えす、えぬ、てぃ

好きなものの話をしよう

エゴイスト

生まれて、生きてるだけで詰みじゃない?
この間ある人にカフェに呼ばれ、相談に乗ってる時に言われた。かなり怒ってるようだったし、傷付いてるみたいだった。私は曖昧に返事をする。
生きてるだけで大変だ、と思うんだけど、それを安易に肯定するのもまずそうで結果的に曖昧に頷くしかできなかった。
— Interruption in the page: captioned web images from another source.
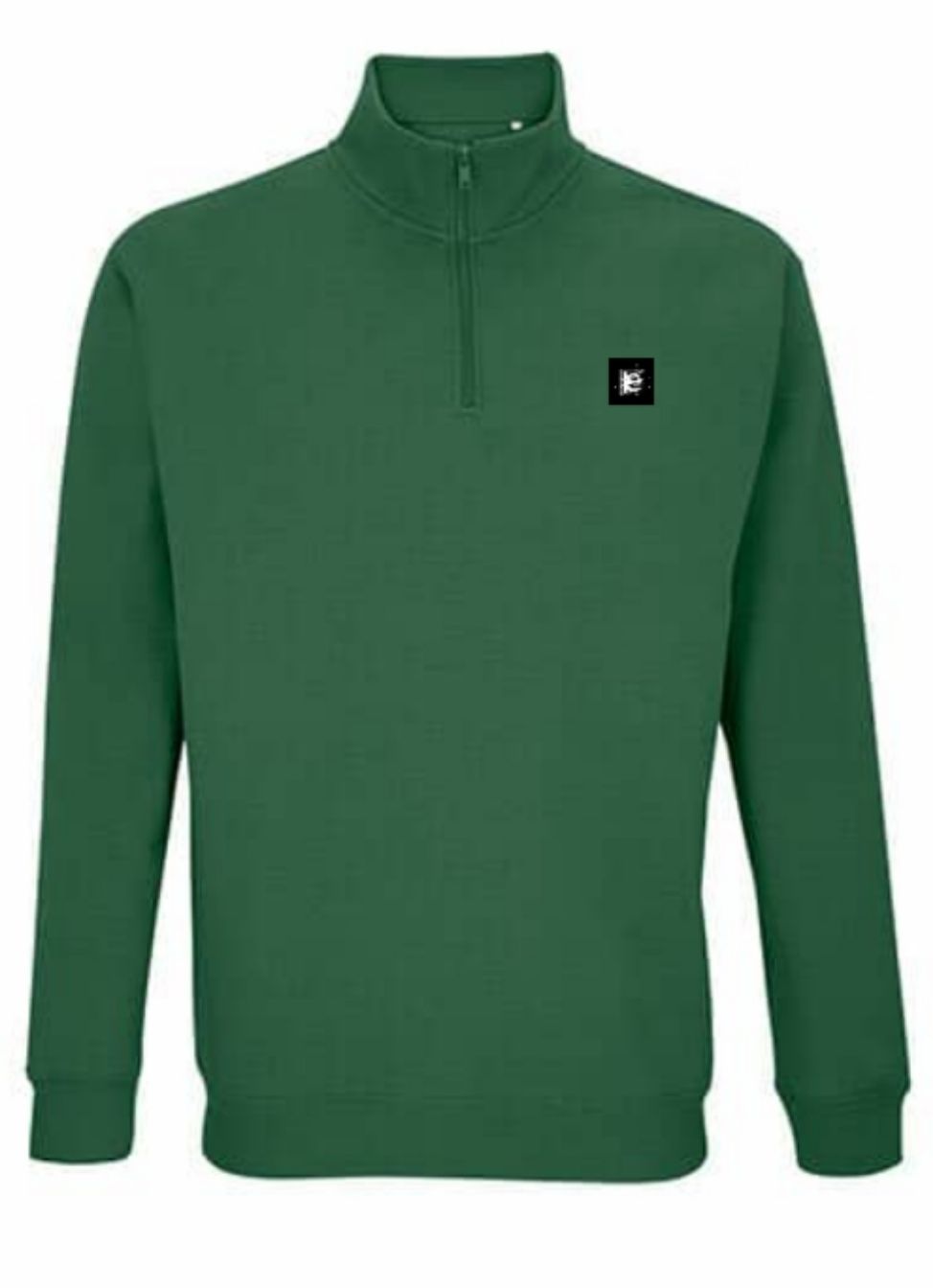 kery2367 Unisex 1/4-Zip Sweatshirt | Premium Sweat mit Reißverschluss | Bequemer Allrounder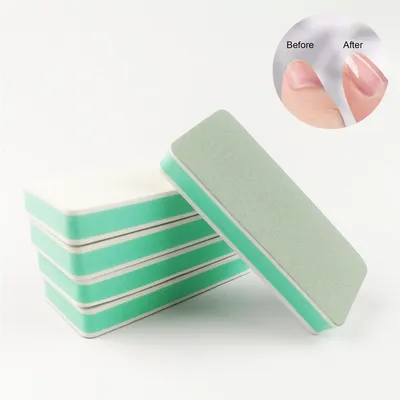 Nail Shine Buffer Double-Sided (5pcs)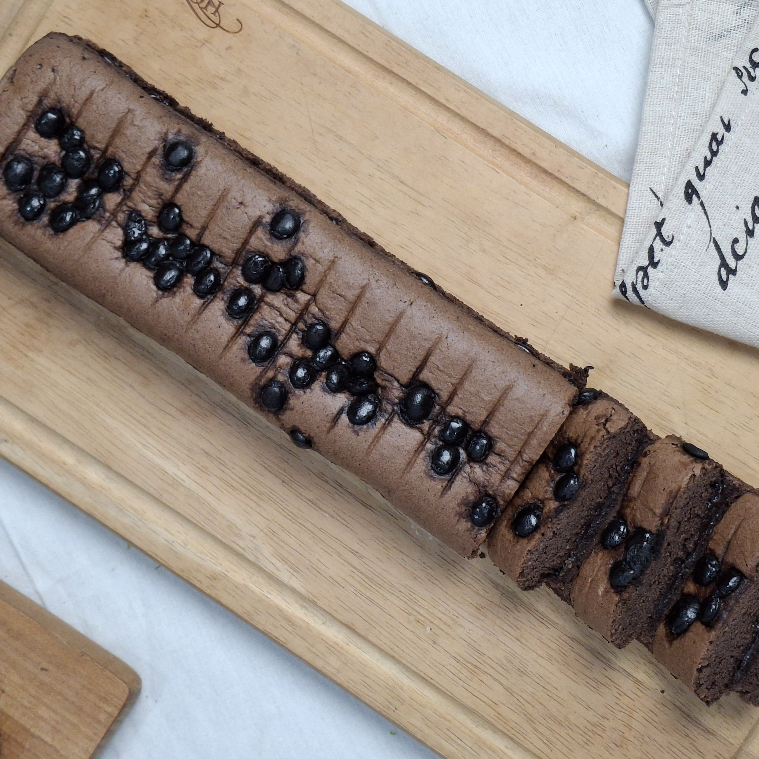 

[100rb 3 BOX] Bolu Bakar Bogor - Cotton Choco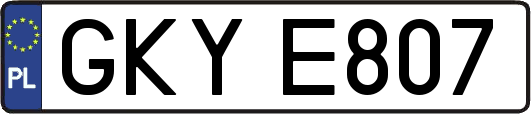 GKYE807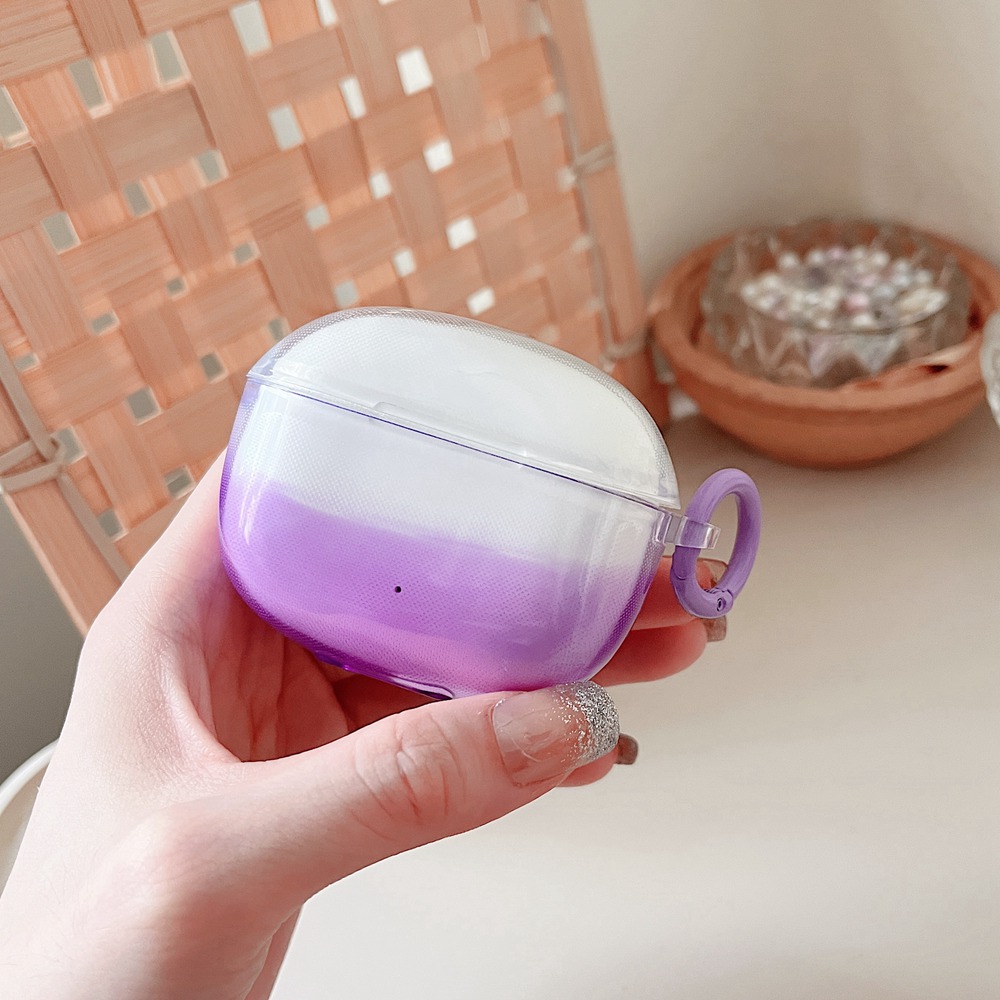 Transparent Earphone Case For  - Headphone Case Hard reseña y precio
出会わなければ、想わなければ幸せだったのか。傷付けただけじゃなかったか。傷付けずに、いられる未来はなかったのか。




私は、ずっと「お金」のやりとりが不安だった。
母親のこと、仕事のこと、意味深に口にされた「深夜のバイト」。そういうの一つに穿った見方をして潜む悪意を想像し、
浩輔の"愛情表現"に不安になっていた。
この好意は利用されているんじゃないか、利用されていないとしたらむしろ龍太を傷付けてはいないか。そんなことを想像してはぐるぐると胸の内に不安が渦巻いて、柔らかなシーンやそこにある表情、温度を愛おしく思えば思うほど、苦しかった。
いつか、この人の好意が踏み躙られないといいと祈りながら見ていた。





最後まで観終わった今となっては、いやそこに悪意なんてものがなくただただ真っ直ぐに惹かれ合っていたのだ・慈しんでいたのだと知った瞬間に猛烈に恥ずかしく居た堪れない気持ちになった。
純粋に惹かれ合っていたふたりを、自分の尺度で「裏がある」と思っていたのは自分だった。彼らの感情を乱暴に妄想し、関係を決めつけて私は映画前半を見てしまったのだ。





同時に思う。愛情ってなんなのか。愛とエゴの違いはなんだ。
見当違いなハラハラと共に映画を見ていた私は、図らずも、この映画の軸となる問いを自分にかけることになった。




愛情ってなんだ、好きだと認められるのはどんな表現のそれなのか、そういう愛情以外は「愛情」じゃないのか。
そしてそもそも、その好きは相手のためになるのか。ならないと、好きでは愛情ではないのか。





映画後半、立て続けに起こる苦しく、かつ、ある意味では多くの人が避けられない悲しみのなか、自分に問い掛ける浩輔のことを思う。



後半、すげえ好きだったんだ。




生活が続く。終わり、淀む生活もふくめて、進む。容赦なく。その中でなんとか笑おうとして、それすら、また折れかける何かが、すぐに来るんだとしても。
悲しくて苦しかった。だというのに愛おしくて、困るな。





映画全編を通して、言葉にならない空気が流れていた。音が音楽が、ひかりが、全部、必要だった。
言葉じゃ追いつかないものがあるんだなあと思う。




作中出てきた「地獄」というある人物の言葉をずっと考えている。考えながら、この間カフェで「詰みじゃない?」と問い掛けてきた人のことを思い出した。





自分のためにだけしか、誰かを好きでいれない。
自分が嬉しいんだ、結局。
例えばそれが相手の迷惑だったらと考えて途方もなく怖くなるのは、ただただ、自分が好きなその人から嫌われるそのことが、怖いからなんだ。




ただ、それでも、好きを大切にしたい。肯定したい。好きな人を、大切にして、好きでいたい。これは好きなのだと呼びたい。
エゴイスト、と出てきたあの映像に、想う。




そのために、表現だとか正しい正しくないだとかなりふり構わず、なんとか、大切にしようとする、愛情を伝えようとする。
愛してしまわなければ好きにならなければこんなみっともないことにならなかった。ひどい、と思う。だけど、酷いし自分にうんざりするし、「ごめん」と思うけど、きっと、そうじゃない人生なんてもっと耐えれるものじゃなかったと思うのだ。